- Born: 4 December 1930 Thiruvattar, Kanyakumari, India
- Died: 25 May 1995 (aged 64)
- Occupations: Playback singer, School teacher
- Years active: 1953-1995

= Kamukara Purushothaman =

Kamukara Purushothaman (4 December 1930 – 26 May 1995) was an Indian singer. He was a noted playback singer in Malayalam cinema during its early years. He has recorded over 170 songs in 68 movies in various South Indian languages.

==Early life==

Kamukara was born on 4 December 1930 in Thiruvattar in Kanyakumari district of present day Tamil Nadu. He was the son of Parameswara Kurup and Lekshmikkutty Amma. He started learning music from an early age under Karnatic music guru Thiruvattar Arumugham Pillai Bhagavathar, along with his sister, Leela Omchery, a known singer and musicologist. His career debut was at the local temple, Aadi Keshava Temple, Thiruvattar. He started music concerts by the age of 15 and became an artist at Trivandrum Broadcasting Corporation by the age of 20 and became active in All India Radio music programmes.

== Career ==
His first recording for a film was in 1953 for the Malayalam film, Ponkathir, a Merryland Studio production to start a film career which spanned over 20 years and 68 Malayalam (total 125) films. He was the leading male singer in Malayalam films during the 50s and 60s till K.J. Yesudas appeared on the scene. Two of his soulfully rendered songs, "Aathmavidyalayame" for the film Harishchandra and "Ekanthathayude" for Bhargavi Nilayam are widely considered to be among the all-time great songs of Malayalam film music. He was a regular singer in Merryland films until the 1970s. Most of his songs were written by Thirunainar kurichi Madhavan Nair and composed by Brother Lakshmanan.

Later in his career, Kamukara Purushothaman, along with K. P. Udayabhanu and other senior singers formed a music troupe by name Old is Gold and performed stage programs all over India and abroad.

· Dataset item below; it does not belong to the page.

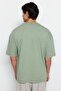 Limited Edition Green Oversize/Wide Cut Faded Effect 100% Cotton Thick T-Shirt Tmnss23Ts00153 - 2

In 1983, he received the Kerala Sangeetha Nataka Akademi Award.

==Death==
Kamukara, who was a school teacher by profession, and retired as the Principal of Thiruvattar Govt. School, died suddenly on 26 May 1995 after suffering from a massive heart attack while on a journey to Thiruvananthapuram. He was aged 64 at the time of his death. He is survived by his four children, children-in-law and grandchildren. Ramani Purushothaman, his wife, died on 30 January 2025, aged 88.

==Popular songs==

| Song | Film |
|---|---|
| Aathmavidyalayame | Harishchandra |
| Eeswara chintha ithonne manushyanu | Bhakta Kuchela |
| Nale Nale ennayittum Bhagavane | Bhakta Kuchela |
| Ganga Yamuna | Hotel Highrange |
| Sangeethame Jeevitham | Jail Pulli |
| Osana, Osana | Snapaka Yohannan |
| Mattoru Seethaye | Tharavattamma |
| Ekanthathyude Apara theeram | Bhargavi Nilayam |
| Pancha Varna Thatha Pole | Karutha kai |
| Asoka Vanathile Seethamma | Kallichellamma |
| Marakkan Kazhiyumo | Kannur Deluxe |
| Padachavan Padachappol | Kayamkulam Kochunni |
| Panineer Malarinorithal kozhinjalum | Njana Sundari |
| Thumpappoo peyyana poonilaave | Randidangazhi |
| Poovinu manamilla kinavinu kulirilla | Chilamboli |
| Chandrande prabhayil chandana mazhayil |  |
| Poothaliyundo kinave poopanthalundo nilave | Indulekha |
| Mindathathenthanu thathe | Njanasundari |
| Kanninayum kanninayum bandham nischayichu | Lady doctor |

==Kamukara Awards==
Kamukara Award is instituted in the remembrance of Kamukara Purushothaman, to exemplary musicians. It was started in 1997, as a part of Kamukara's second death anniversary. Awardees by the year are:

V. Dakshinamoorthy, K. Raghavan, P. Leela, K. J. Yesudas, P. Jayachandran, P. Susheela, S. Janaki, Vani Jairam, P. B. Sreenivas, M. S. Baburaj, B. Vasantha, L. R. Eswari, K. J. Joy, M. S. Viswanathan, M. K. Arjunan, M. G. Radhakrishnan, Shyam (composer), K. P. Udayabhanu, P. Madhuri, Ouseppachan, Sujatha Mohan, K. S. Chithra and M. G. Sreekumar.